The Kyiv Patriarchate and the Autocephalous Church currently seek to unite into an Orthodox Church of Ukraine fully independent of Moscow and in canonical association with the Ecumenical Patriarchate in Constantinople. Ukraine’s presidency and government are encouraging this aspiration in a cautious way, designed to avoid an exacerbation of strife with the pro-Moscow church. A sizeable part of the Verkhovna Rada actively supports the aspiration toward ecclesiastical independence from the Russian Church. Orthodox laymen among those parliamentary deputies have recently joined the talks between the Kyiv and Constantinople patriarchates toward that goal (see below).

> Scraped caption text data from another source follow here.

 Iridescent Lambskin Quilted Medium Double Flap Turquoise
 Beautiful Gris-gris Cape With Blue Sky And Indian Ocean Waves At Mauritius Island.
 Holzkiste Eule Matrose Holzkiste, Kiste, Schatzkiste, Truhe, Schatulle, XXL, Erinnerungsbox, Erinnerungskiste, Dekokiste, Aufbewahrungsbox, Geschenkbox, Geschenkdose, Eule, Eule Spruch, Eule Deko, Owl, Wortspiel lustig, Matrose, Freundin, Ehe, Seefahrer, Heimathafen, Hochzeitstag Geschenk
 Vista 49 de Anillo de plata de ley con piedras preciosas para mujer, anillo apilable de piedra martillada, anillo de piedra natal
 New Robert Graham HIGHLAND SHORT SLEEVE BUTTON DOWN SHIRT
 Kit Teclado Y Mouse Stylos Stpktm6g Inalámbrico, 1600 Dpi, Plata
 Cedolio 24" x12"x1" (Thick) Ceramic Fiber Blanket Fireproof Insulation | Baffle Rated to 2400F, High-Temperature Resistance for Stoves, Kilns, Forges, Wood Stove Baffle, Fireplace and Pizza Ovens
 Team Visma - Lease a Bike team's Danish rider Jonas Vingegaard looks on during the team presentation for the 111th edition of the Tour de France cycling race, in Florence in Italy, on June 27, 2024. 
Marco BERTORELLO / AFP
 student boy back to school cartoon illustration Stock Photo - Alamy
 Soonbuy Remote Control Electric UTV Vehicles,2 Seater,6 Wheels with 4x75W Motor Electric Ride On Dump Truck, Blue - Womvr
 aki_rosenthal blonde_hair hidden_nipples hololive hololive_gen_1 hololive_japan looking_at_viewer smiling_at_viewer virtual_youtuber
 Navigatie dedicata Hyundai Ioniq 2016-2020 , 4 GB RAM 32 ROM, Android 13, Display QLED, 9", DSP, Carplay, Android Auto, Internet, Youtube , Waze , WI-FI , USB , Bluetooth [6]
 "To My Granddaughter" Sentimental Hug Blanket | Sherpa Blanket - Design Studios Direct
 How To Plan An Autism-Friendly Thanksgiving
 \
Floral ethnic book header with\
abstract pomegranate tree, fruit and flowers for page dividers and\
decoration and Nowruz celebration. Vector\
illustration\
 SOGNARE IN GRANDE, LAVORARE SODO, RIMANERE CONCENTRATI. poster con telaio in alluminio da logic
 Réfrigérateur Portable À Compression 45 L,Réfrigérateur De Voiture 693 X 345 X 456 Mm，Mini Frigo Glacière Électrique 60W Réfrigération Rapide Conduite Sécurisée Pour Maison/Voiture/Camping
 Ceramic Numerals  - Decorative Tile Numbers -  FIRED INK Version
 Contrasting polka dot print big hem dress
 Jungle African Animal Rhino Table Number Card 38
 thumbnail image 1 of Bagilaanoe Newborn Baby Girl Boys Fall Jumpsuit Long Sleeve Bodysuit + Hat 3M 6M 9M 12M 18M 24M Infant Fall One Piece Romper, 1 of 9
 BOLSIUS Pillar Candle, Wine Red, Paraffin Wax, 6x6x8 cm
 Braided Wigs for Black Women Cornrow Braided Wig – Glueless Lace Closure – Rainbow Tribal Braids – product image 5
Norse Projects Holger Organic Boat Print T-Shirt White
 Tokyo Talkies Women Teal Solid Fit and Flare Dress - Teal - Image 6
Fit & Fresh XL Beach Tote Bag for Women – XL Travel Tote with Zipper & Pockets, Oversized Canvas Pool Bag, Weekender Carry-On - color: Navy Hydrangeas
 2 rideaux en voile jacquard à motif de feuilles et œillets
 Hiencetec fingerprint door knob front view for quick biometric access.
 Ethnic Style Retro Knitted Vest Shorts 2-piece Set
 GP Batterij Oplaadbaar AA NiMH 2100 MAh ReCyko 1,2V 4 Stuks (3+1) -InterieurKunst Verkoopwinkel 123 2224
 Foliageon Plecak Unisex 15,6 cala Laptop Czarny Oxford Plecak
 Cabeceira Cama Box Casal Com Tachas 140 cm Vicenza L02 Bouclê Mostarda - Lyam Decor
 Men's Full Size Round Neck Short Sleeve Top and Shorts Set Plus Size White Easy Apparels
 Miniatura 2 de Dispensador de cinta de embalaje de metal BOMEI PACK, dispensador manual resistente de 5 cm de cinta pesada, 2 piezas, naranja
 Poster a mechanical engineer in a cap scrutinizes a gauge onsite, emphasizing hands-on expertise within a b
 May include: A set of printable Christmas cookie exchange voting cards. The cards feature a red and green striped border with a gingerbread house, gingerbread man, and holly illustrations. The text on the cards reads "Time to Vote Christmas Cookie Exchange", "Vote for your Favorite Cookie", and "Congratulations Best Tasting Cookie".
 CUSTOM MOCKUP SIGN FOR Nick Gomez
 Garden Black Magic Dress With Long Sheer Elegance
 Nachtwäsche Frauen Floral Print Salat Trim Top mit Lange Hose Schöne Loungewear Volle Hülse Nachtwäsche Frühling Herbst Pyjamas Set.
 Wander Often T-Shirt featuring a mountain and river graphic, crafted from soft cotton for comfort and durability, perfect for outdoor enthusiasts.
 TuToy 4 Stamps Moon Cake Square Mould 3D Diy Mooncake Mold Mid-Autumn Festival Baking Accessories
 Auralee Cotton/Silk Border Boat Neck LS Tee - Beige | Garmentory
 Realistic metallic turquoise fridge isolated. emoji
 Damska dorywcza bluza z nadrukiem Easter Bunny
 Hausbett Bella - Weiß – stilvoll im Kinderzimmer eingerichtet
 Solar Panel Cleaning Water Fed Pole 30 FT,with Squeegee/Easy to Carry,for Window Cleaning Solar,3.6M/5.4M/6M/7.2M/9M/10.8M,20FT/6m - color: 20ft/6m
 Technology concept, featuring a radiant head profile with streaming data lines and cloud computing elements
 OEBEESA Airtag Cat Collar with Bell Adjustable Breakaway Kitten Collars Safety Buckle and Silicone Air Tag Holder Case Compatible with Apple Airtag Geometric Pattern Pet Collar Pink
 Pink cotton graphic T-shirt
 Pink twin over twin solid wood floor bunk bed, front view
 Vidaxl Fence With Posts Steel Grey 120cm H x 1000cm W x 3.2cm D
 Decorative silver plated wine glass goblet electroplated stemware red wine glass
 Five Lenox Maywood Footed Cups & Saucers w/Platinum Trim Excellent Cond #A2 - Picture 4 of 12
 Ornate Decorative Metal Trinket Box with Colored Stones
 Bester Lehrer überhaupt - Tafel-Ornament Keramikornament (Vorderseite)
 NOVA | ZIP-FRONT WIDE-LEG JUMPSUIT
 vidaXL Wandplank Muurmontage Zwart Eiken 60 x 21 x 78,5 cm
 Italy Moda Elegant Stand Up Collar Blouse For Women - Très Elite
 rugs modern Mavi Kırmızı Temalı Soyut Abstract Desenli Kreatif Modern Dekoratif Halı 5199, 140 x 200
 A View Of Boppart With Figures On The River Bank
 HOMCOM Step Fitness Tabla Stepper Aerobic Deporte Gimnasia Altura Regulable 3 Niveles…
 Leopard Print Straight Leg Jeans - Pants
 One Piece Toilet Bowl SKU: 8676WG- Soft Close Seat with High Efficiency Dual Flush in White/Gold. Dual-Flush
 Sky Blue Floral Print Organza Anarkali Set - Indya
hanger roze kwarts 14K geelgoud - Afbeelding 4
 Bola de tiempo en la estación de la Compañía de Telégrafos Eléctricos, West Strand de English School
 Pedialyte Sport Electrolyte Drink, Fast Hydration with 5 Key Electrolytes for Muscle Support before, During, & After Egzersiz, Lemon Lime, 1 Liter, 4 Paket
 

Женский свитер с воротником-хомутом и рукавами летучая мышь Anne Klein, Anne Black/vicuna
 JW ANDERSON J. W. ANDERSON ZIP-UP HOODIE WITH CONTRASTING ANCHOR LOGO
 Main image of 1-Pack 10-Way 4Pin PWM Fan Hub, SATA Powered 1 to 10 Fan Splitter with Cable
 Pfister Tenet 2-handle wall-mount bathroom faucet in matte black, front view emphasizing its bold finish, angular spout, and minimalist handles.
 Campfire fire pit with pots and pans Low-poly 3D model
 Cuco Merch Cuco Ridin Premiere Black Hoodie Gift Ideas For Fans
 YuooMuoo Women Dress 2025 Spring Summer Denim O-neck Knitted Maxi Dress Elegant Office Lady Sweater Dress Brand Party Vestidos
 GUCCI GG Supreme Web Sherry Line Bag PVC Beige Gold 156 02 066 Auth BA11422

On January 9 in Kyiv, a Synod of the Ukrainian Orthodox Church-Kyiv Patriarchate appealed to the believers of all three Orthodox churches in Ukraine, to the Ukrainian state, and to the Patriarch Bartolomeos of Constantinople to achieve during the course of this year the goal of a unified, independent Ukrainian Orthodox Church. The appeal to three churches’ clergy and believers suggests that the differences with the Moscow-affiliated church in Ukraine can be settled with due patience through an “evolutionary process.” The implication is that the other two churches ought to proceed with their unification under the Constantinople Patriarchate’s auspices at this time, instead of holding that aspiration hostage to a highly problematic consent from the Russian Church and its branch in Ukraine. The appeal to the state leadership contains expressions of support by the Kyiv Patriarchate for nation-building efforts in Ukraine and the rebirth of its language and culture.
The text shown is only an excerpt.